I understand the intent of what you were doing, which was to return an array from ziffern_extrahieren() and copy the results of that array into the array in is_armstrong_number(). I'll point out the mistakes in what you wrote and explain how you do this in C.
int *ziffern_extrahieren(int candidate, int laenge) {
int *ziffern = malloc(...);
...
return *ziffern;
}
Here when you write return *ziffern
you are returning what ziffern
points to. The way C works, *ziffern
is equivalent to writing ziffern[0]
. So you're not returning an int *
, you're returning an int
. You'd want to write just return ziffern
.
int *ergebnis = malloc(..);
*ergebnis = ziffern_extrahieren(...);
So here, you have written is "set what ergebnis points to (ergebnis[0]
) to the return value of ziffern_extrahieren()
". But you can't do this, because the type of *ergebnis
is int
, and the return type of ziffern_extrahieren()
is int *
.
So now you see why people stopped using C!
1. memcpy
In C the way you write "take this bit of memory and copy it over to this other bit of memory" (which is the only way you can copy arrays in C apart from iterating over each element) is using memcpy()
:
void *memcpy(void *destination, void *source, size_t length);
so
int *result = ziffern_extrahieren();
memcpy(ergebnis, result, laenge * sizeof int);
Will fill ergebnis
with the result of ziffern_extrahieren()
. In full:
// Note this version doesn't return a value
int *ziffern_extrahieren(int candidate, int laenge) {
int *ziffern = malloc(laenge * sizeof int);
int power = 1;
for (i = laenge; i > 0; i--) {
ziffern[i] = (candidate % (10 * power)) / power;
power *= 10;
}
return ziffern;
}
bool is_armstrong_number(int candidate) {
int laenge = laenge_berechnen(candidate);
int *ergebnis = malloc(laenge * sizeof int);
int *result = ziffern_extrahieren(candidate, ergebnis, length)
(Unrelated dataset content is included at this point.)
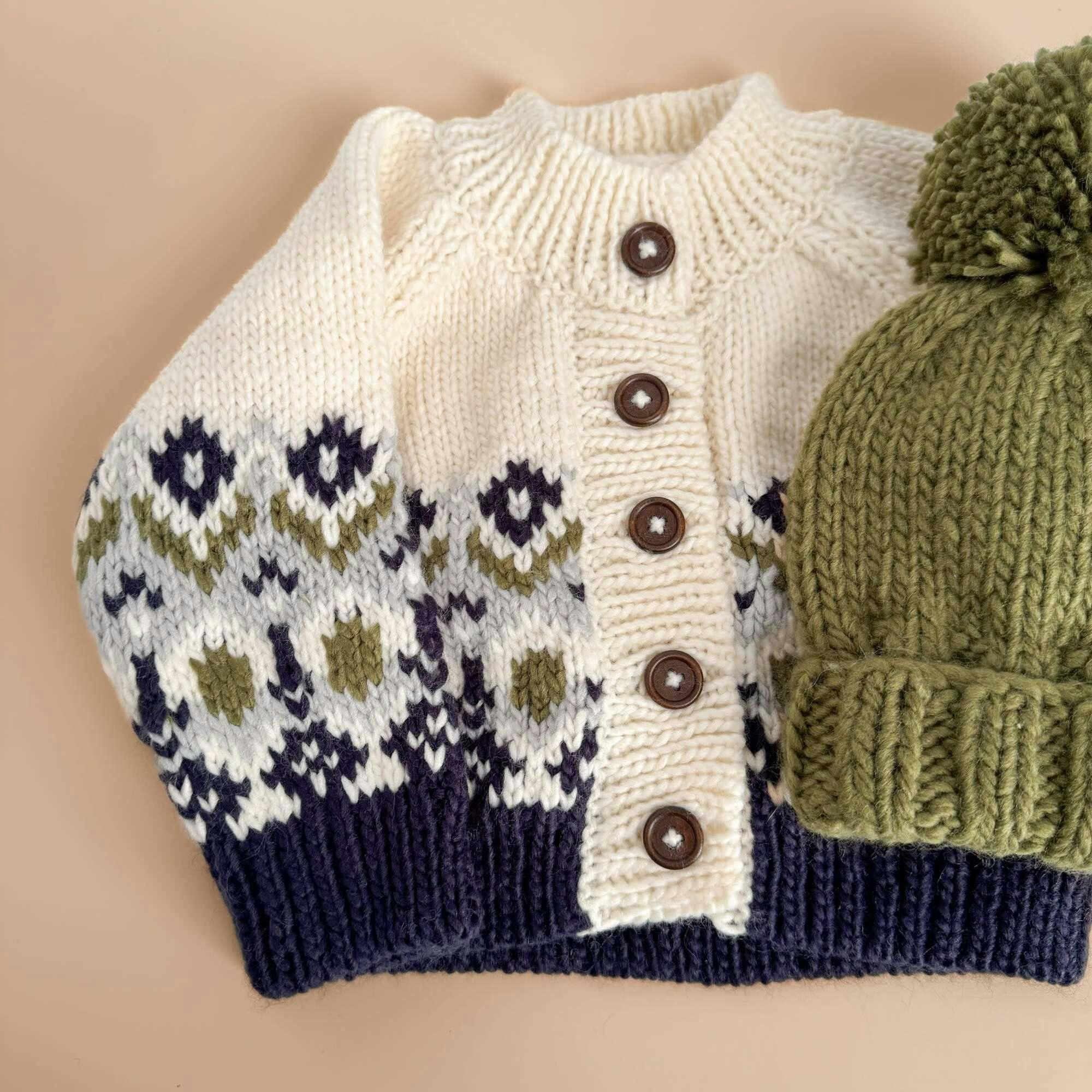 Classic Pom Hat, Moss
memcpy(ergebnis, result, laenge * sizeof int);
...
return true;
}
There are two problems here still though. The first is that the above code has two memory leaks. Once memory is allocated, you need to free it. This can be fixed by adding in:
free(result);
free(ergebnis);
before the final return.
The second is more conceptual, and it's that you're allocating two different bits of memory to contain the same data and copying from one to the other. In C people generally avoid that using one of the other three approaches...
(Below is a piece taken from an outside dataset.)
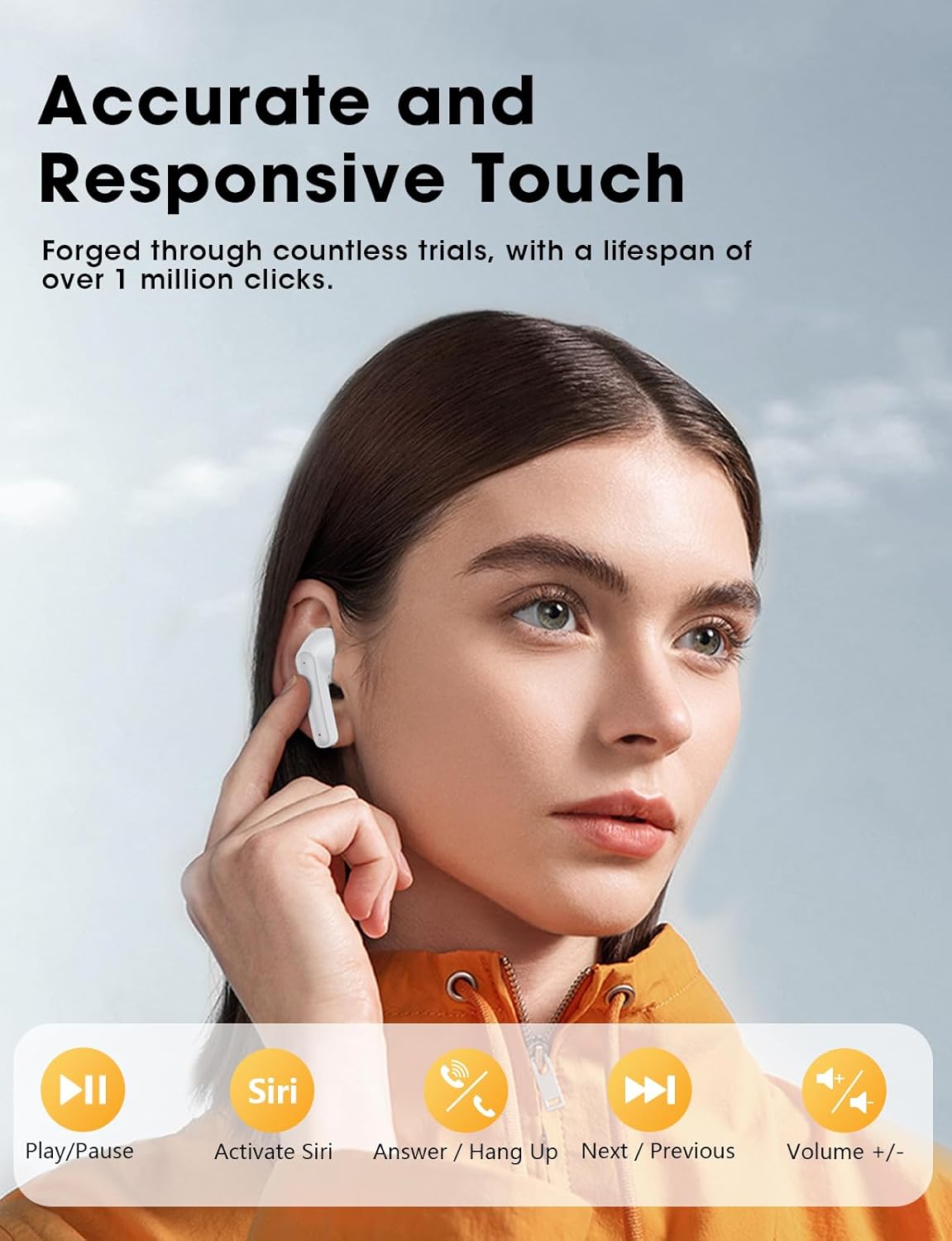 Auriculares inalámbricos ZZU T18 Bluetooth Deportivos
2. Allocate memory in is_armstrong_number() and pass it to ziffern_extrahieren() to be filled
This is a neater way of doing things. It's nice because the malloc() and the free() happen in the same function, so it's easier not to have a memory leak.
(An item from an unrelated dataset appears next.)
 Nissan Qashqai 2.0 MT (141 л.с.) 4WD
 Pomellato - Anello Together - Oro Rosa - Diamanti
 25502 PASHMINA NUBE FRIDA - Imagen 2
// Note this version doesn't return a value
void ziffern_extrahieren(int candidate, int *ziffern, int laenge) {
int power = 1;
for (i = laenge; i > 0; i--) {
ziffern[i] = (candidate % (10 * power)) / power;
power *= 10;
}
}
bool is_armstrong_number(int candidate) {
int laenge = laenge_berechnen(candidate);
int *ergebnis = malloc(laenge * sizeof int);
ziffern_extrahieren(candidate, ergebnis, length)
...
// Make sure you call free() before returning or you have a memory leak.
free(ergebnis);
return true;
}
3. Use variable length arrays
I don't know what C compiler you are using, but C99 compilers let you allocate memory on the stack without using malloc. If you're using Microsoft's compiler then you can't do this because they still don't support a 20 year old standard, but anywhere else the following is valid C!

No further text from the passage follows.